Pas lents sur le fil avec Proust : Habiter l’épaisseur
Dans la lente traversée de mon sevrage — ce passage à 10 mg qui rend mes fascias poreux comme une terre assoiffée — mon pas de funambule a rencontré trois nouvelles balises. Elles ne sont pas de simples repères de lecture ; elles sont les points de contact où ma mémoire somatique vient buter contre l'épaisseur du monde.
Proust note ce moment cruel où la consolation de l'enfant (le baiser maternel) se paie d'un vieillissement symbolique imposé à l'autre : « ...une première ride... un premier cheveu blanc. »
Sur le fil : Sortir de l'emprise, qu'elle soit chimique ou technique, exige ce même prix.

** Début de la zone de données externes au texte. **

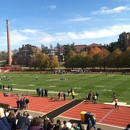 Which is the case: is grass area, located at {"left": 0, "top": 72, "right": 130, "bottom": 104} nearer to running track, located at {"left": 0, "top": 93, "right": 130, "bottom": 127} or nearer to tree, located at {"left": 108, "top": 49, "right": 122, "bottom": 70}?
running track, located at {"left": 0, "top": 93, "right": 130, "bottom": 127}

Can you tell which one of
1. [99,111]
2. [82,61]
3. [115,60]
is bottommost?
[99,111]

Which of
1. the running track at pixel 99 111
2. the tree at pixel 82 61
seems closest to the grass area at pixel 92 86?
the running track at pixel 99 111

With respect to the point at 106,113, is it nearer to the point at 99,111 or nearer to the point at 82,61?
the point at 99,111

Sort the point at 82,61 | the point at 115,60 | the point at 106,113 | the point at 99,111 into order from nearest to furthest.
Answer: the point at 106,113, the point at 99,111, the point at 115,60, the point at 82,61

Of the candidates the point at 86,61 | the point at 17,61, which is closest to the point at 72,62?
the point at 86,61

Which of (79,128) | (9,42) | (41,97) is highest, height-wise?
(9,42)

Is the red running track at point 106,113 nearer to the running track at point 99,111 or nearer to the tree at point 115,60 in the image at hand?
the running track at point 99,111

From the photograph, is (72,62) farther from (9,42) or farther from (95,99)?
(95,99)

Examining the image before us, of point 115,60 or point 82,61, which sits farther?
point 82,61

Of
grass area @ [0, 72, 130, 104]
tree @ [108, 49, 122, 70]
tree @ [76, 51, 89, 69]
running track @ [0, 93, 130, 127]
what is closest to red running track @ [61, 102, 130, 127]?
running track @ [0, 93, 130, 127]

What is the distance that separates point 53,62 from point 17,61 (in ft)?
198

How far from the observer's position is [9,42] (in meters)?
108

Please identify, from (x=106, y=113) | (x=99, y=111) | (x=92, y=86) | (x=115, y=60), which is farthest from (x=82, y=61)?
(x=106, y=113)

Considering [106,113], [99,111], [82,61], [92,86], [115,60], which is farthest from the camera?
[82,61] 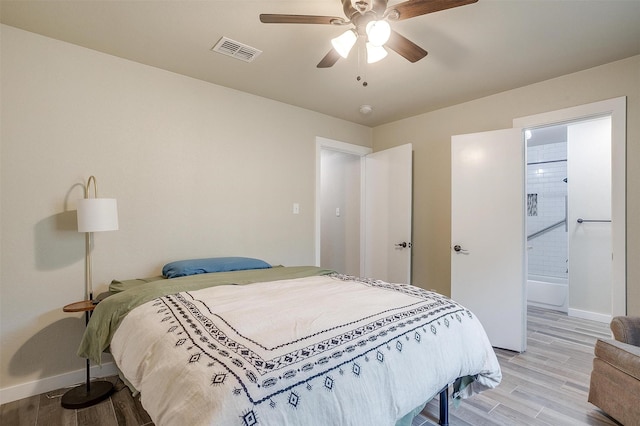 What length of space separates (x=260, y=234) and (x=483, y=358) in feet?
7.49

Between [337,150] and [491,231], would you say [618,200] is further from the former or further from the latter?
[337,150]

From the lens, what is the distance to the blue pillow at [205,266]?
2.36 metres

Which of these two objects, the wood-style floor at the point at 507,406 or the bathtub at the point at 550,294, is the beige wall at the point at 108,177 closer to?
the wood-style floor at the point at 507,406

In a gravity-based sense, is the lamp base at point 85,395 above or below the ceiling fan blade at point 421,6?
below

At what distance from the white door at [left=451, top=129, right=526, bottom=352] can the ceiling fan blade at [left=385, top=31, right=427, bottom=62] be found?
162cm

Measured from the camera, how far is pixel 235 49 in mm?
2312

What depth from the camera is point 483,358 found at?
5.51 ft

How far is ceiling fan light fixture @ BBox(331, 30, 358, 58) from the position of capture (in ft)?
5.50

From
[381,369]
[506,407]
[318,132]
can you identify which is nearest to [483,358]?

L'anesthésie nous maintenait dans une éternelle enfance, lisse et sans âge. Recouvrer son autonomie, c'est accepter de regarder en face la « ride » du temps réel. C'est renoncer au confort du sommeil pour la mélancolie lucide de l'éveil.
Face à la « banalité commerciale » des images sans âme, la grand-mère de Marcel exigeait « l'épaisseur d'art », le relief des gravures anciennes, le grain qui résiste à l'œil.
L'acte politique : Ici, Proust tend la main à Walter Benjamin. Le monde numérique que nous habitons est désespérément « lisse ». Il efface la trace, le lointain, ce que Benjamin nommait l'aura. Sur mon blog, je revendique ce droit à l'épaisseur. Écrire n'est pas "poster", c'est sédimenter. C'est préférer la rugosité de la pensée qui cherche à la vitesse de l'information qui glisse.
Nous arrivons au seuil : « Captifs dans quelque être inférieur... dans une chose inanimée. » Notre passé ne loge pas dans notre intelligence. Il est tapi dans la matière, attendant que notre corps soit assez "disponible" pour le reconnaître.
Le dragage organique : Cette balise est ma méthode. L'auto-analyse organique ne procède pas par la volonté intellectuelle. Elle attend le tressaillement d'un objet — un vieux livre, une odeur de vernis — pour libérer le sédiment. Comme le chiffonnier de Benjamin, je ramasse les débris de mon passé (Lyon 1970, Paris 1972) non pour les regretter, mais pour les intégrer à mon équilibre présent.
L'illustration de ce billet agit comme un schéma directeur du geste du funambule. Elle stabilise la topographie de ma recherche :
- L'équilibre et la vigilance : Au centre, le funambule ne marche plus dans un vide abstrait. Il est lesté par l’histoire.
- La Balise 13 (La Ride) : À gauche, l’étreinte et le masque visibilisent le coût de l’éveil. La fin de l’anesthésie est une confrontation avec la finitude.
- La Balise 14 (Proust / Benjamin) : À droite, le contraste entre la grille des tablettes (le numérique « lisse ») et la gravure (le « grain ») marque le lieu de la résistance. Préférer le relief à la glisse.
- La Balise 15 (L’Inconscient Somatique) : En bas, dans les zones d’ombre, les objets captifs forment l’archive de mes fascias.
Le geste du funambule n’est pas une fuite en avant. C’est l’apprentissage de la lenteur. C’est accepter que chaque pas sur le fil soit lesté par l’épaisseur de ce que nous sommes.
Avant de « goûter la madeleine », il nous faut d’abord apprendre à ne plus avoir peur du relief de nos propres vies.